**Exercise details**
Within the material below, transcribe exactly the lines from the one holding "new 2025 Jeep" through the one holding "Citizens, especially motorists, face", keeping both ends and skipping the rest.

**Source material**
....

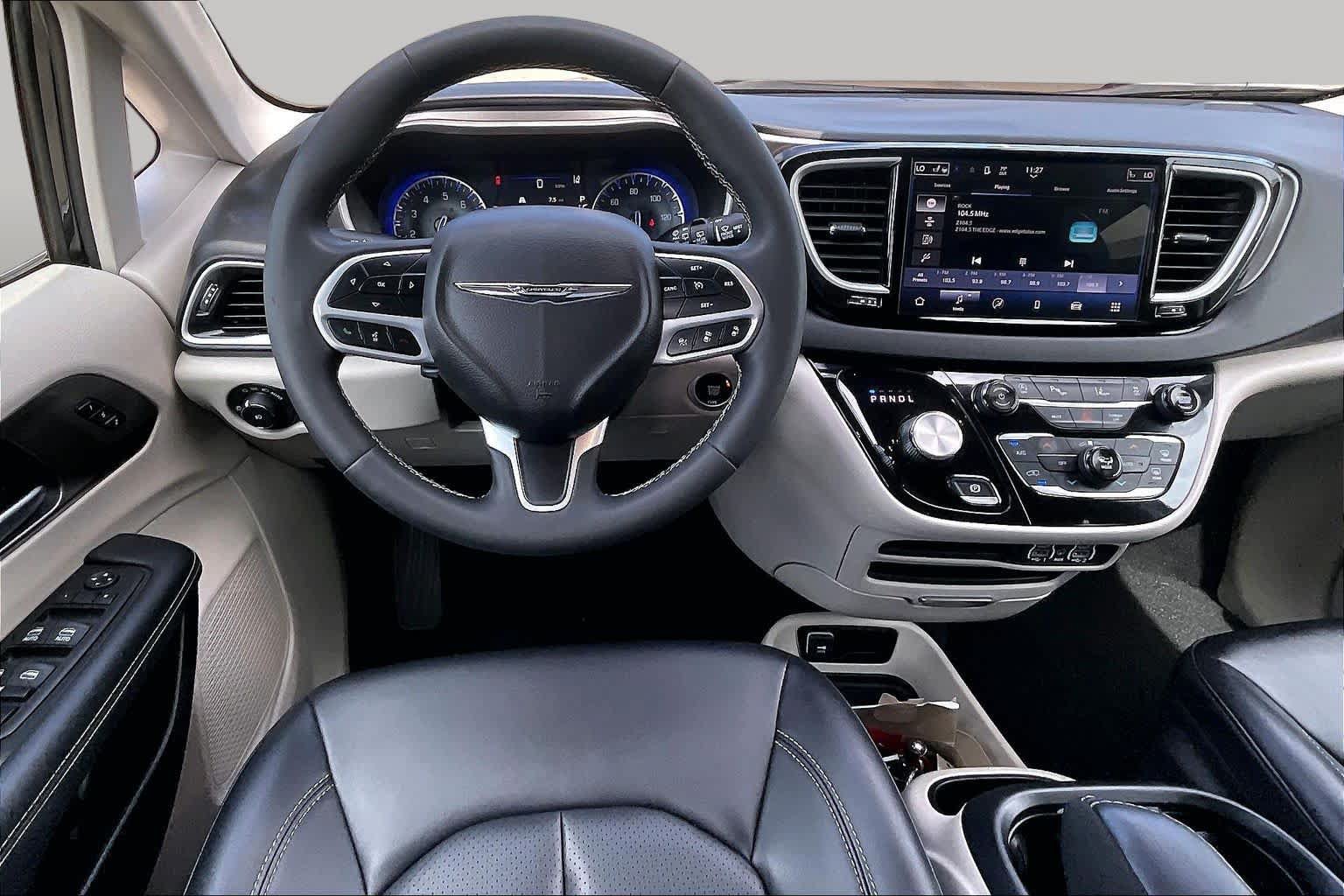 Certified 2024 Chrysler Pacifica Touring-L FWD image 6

....

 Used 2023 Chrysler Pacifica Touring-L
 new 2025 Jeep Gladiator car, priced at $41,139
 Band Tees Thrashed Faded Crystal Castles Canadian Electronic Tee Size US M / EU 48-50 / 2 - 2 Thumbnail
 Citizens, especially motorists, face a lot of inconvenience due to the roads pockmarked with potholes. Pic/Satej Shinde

....

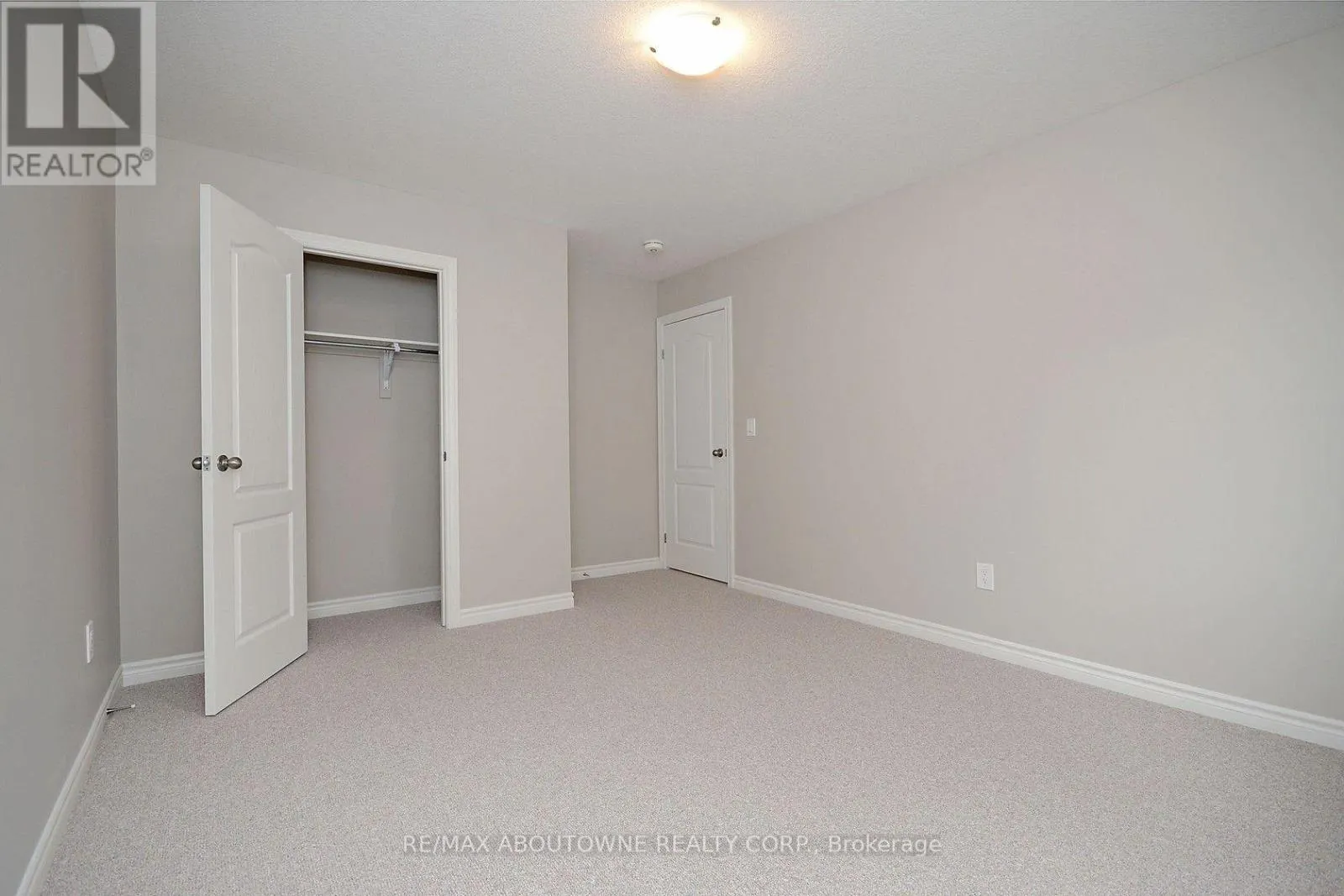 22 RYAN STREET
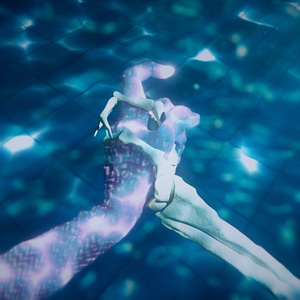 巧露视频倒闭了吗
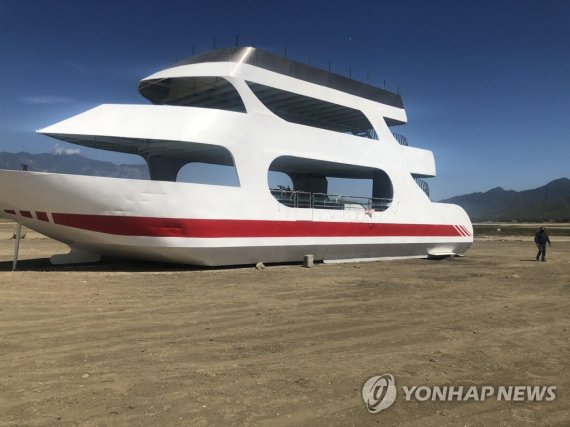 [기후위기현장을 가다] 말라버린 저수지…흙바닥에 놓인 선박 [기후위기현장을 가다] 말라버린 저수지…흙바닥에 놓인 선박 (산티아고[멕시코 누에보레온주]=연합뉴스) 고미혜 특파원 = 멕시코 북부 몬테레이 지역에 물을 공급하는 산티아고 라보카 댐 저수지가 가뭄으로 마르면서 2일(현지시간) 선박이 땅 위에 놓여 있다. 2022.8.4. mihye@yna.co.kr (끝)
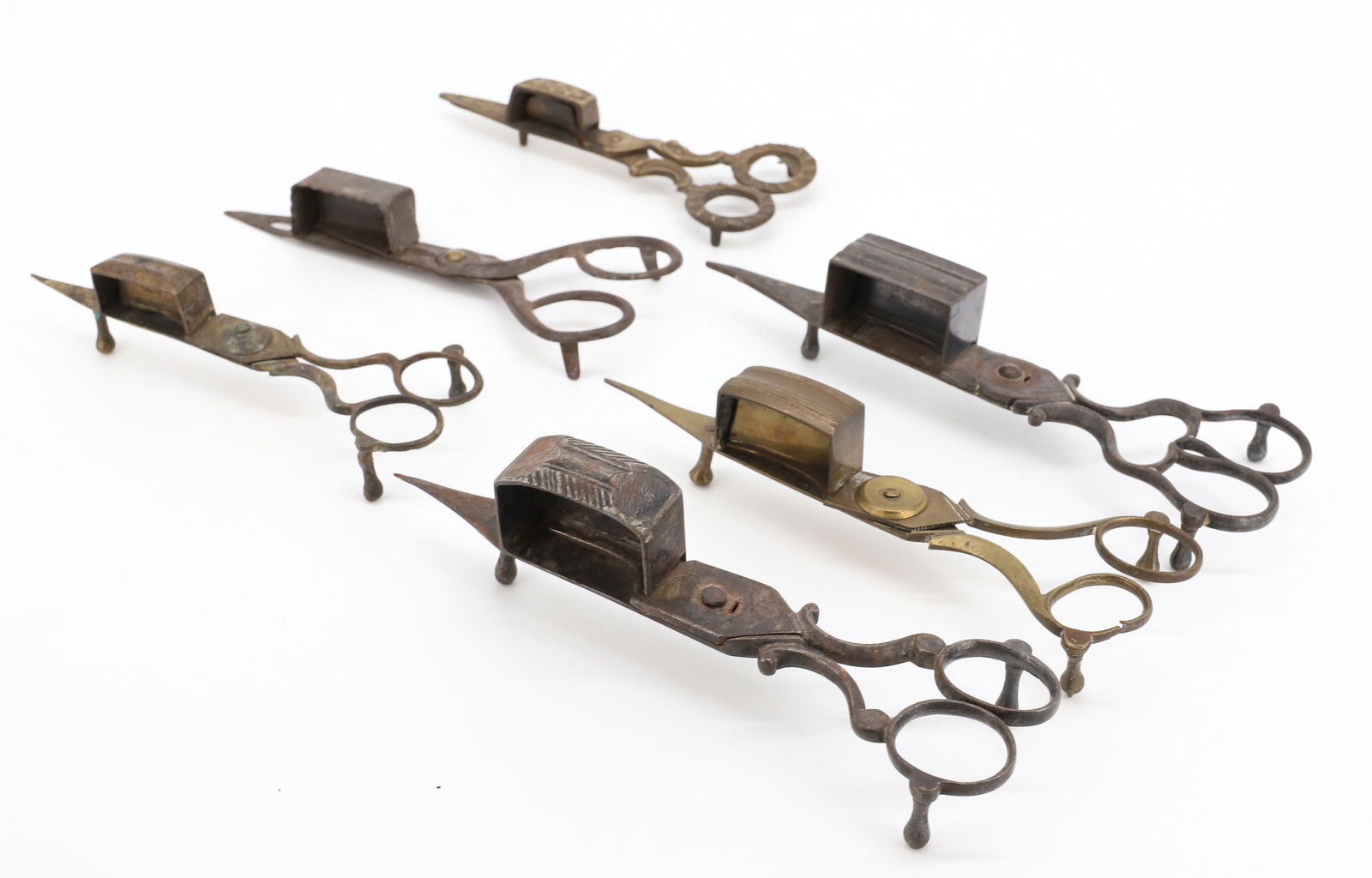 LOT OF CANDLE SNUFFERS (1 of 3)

....

**Exercise response**
 new 2025 Jeep Gladiator car, priced at $41,139
 Band Tees Thrashed Faded Crystal Castles Canadian Electronic Tee Size US M / EU 48-50 / 2 - 2 Thumbnail
 Citizens, especially motorists, face a lot of inconvenience due to the roads pockmarked with potholes. Pic/Satej Shinde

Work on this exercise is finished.